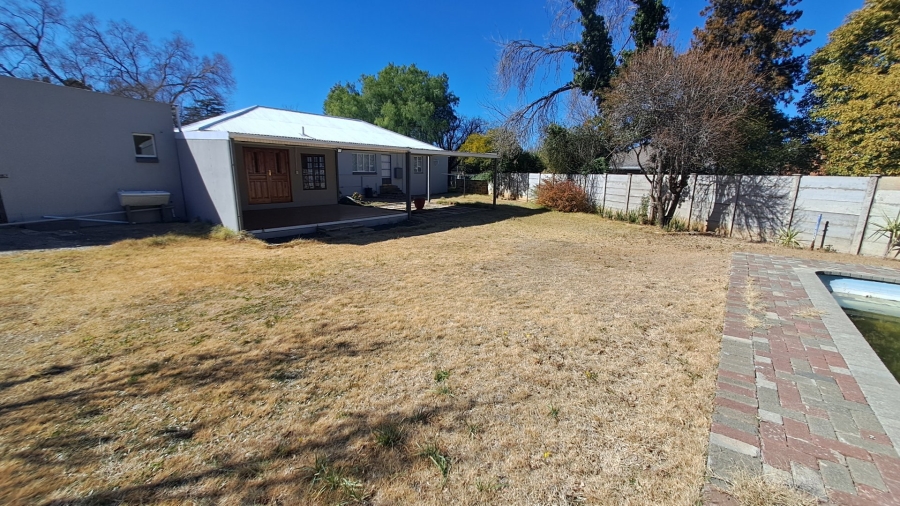 3 Bedroom Property for Sale in Dan Pienaar Free State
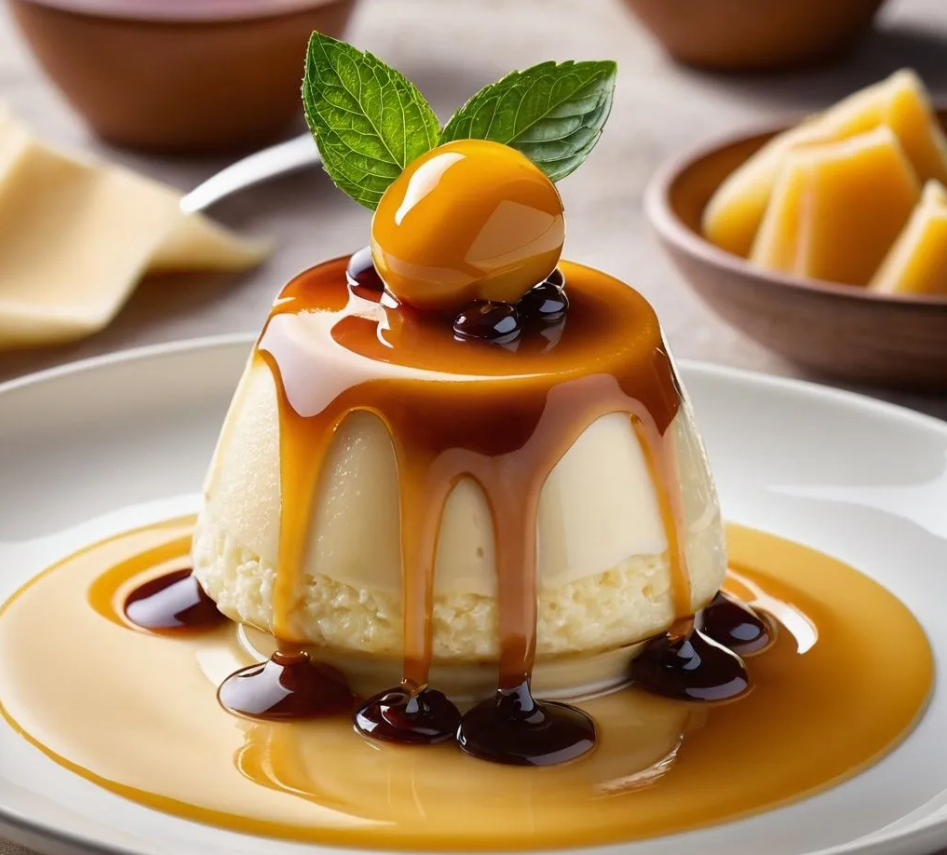 Custard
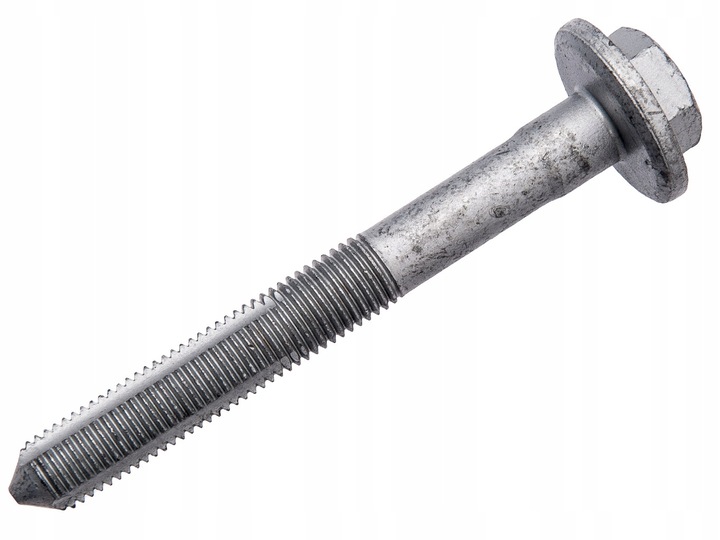 фото №1, Гвинт mimośrodowa важеля зад opel vectra c signum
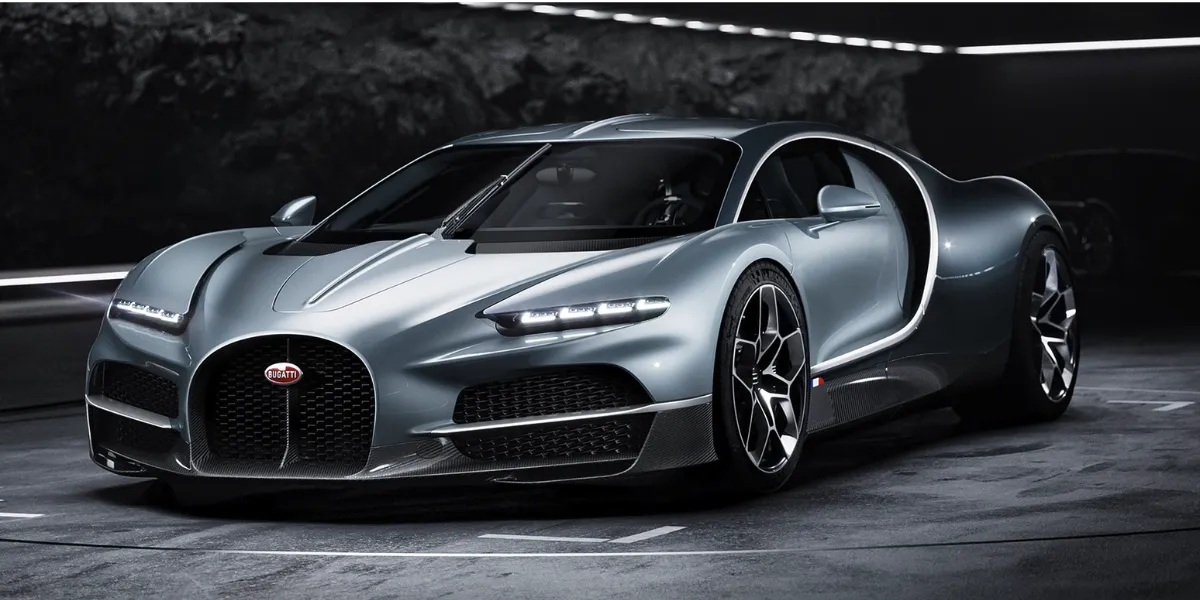 Bugatti Veyron Review The Supercar That Turns Every Drive into a Thrill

******

» WHAT YOU HAVE TO DO: The whole listing above must be duplicated word for word, apart from its pictures.

» RESPONSE BOX:
 3 Bedroom Property for Sale in Dan Pienaar Free State
 Custard
 фото №1, Гвинт mimośrodowa важеля зад opel vectra c signum
 Bugatti Veyron Review The Supercar That Turns Every Drive into a Thrill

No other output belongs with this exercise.